Thanksgiving without Violence

I grew up believing that Thanksgiving was a lovely holiday. It seemed to combine the best of family, food, football, and fall weather. As I grew older, I began to hear smatterings of stories from the Native American perspective and realized that there existed a shadowy underbelly of violence to Thanksgiving. As I have matured in understanding, I have come to know that everything real always has more than one side, so I am not surprised that Thanksgiving is no exception.

For a time, there was pressure to make Thanksgiving a time of confession and penitence in response to all the violence perpetrated on the indigenous population as white dominance swept across the country. While that approach was and is understandable, nothing healthy comes out of merely substituting guilt in the place of holiday gratitude.

I suggest that we can look carefully at our history and tradition in the service of creating a mature Thanksgiving celebration: one that does not perpetuate a culture of violence.

The history of Thanksgiving is thought to have begun at the Plymouth plantation in 1621. After landing at Plymouth at the beginning of winter, 1620, more than half of the Mayflower’s pilgrims died during the next few months. The bountiful harvest in the fall of 1621 gave the survivors good reason to be thankful because it assured them that they had a much better chance of making it alive through the next winter.

In their early years in Plymouth, the settlers were greatly helped by some of the natives, but within a generation, bloody war had broken out between them. Violence continued as a huge influx of immigrants displaced more and more indigenous peoples from their tribal lands. In time, the Thanksgiving celebration broadened beyond a grateful celebration of the harvest to include the (God given?) land, the growing opportunities found in a fledgling nation, and ultimately the values of freedom and democracy enshrined in America’s founding documents.

Now, I was born in the middle of the twentieth century into a culture that had long before been established. I didn’t kill “Indians”. Nor did I steal their land. Still, the land I know and love as my home is soaked by the blood of millions. These statements are not designed to generate guilt or to diminish how much I know I have to be thankful for.
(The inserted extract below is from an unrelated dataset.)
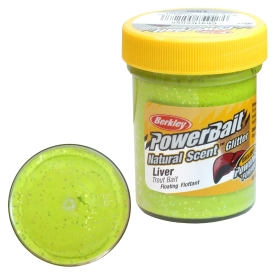Berkley - Паста PowerBait Natural Scent, шартрез печень, 50гр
It is simply the truth, and I think avoiding or denying this truth perpetuates immaturity that results in spreading the spirit of violence. Gratitude should never simply be the product of violence, no matter how long ago it may have occurred. True gratitude must lead us to kindness, compassion, and to the creation of social structures that do not perpetuate the spirit of violence in our age. We must learn from our violent past if we are to create a non-violent future.

Finally, we must avoid the trap of implicating God in our violence. We should never thank God for giving us the land and bounty that is first taken from others. Sadly, too many religious traditions promote a God who effectively steals land from one group and gives it to a different group, purportedly in keeping with some inscrutable divine purpose. Such images of God perpetuate war and violence throughout countless generations.

If we’re going to be thankful for anything this year, let’s be thankful that we carry an image of God who is Love, and that we can use loving divine power to transform the world. We will never eliminate violence totally, but at least we can stop giving it divine authorization.

May the blessings you enjoy this Thanksgiving become the gifts you share in God’s Realm.